» **Records supplied**
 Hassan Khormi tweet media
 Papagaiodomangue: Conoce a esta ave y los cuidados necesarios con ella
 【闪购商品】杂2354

---

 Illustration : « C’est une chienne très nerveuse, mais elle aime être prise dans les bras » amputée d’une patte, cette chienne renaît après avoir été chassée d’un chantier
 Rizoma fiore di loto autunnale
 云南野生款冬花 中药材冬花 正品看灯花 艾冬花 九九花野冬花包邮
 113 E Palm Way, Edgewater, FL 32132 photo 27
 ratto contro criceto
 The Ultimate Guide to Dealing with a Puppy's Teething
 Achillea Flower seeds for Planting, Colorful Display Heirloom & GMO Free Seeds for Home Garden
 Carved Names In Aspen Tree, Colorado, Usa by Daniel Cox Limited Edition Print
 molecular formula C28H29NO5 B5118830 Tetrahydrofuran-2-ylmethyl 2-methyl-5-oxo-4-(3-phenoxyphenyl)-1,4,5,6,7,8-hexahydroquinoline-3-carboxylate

» **Exercise brief**
Please transcribe only the lines in the records above running from the line that has "Achillea Flower seeds" through the line that has "molecular formula C28H29NO5", both included, exactly as they appear.

» **Written reply**
 Achillea Flower seeds for Planting, Colorful Display Heirloom & GMO Free Seeds for Home Garden
 Carved Names In Aspen Tree, Colorado, Usa by Daniel Cox Limited Edition Print
 molecular formula C28H29NO5 B5118830 Tetrahydrofuran-2-ylmethyl 2-methyl-5-oxo-4-(3-phenoxyphenyl)-1,4,5,6,7,8-hexahydroquinoline-3-carboxylate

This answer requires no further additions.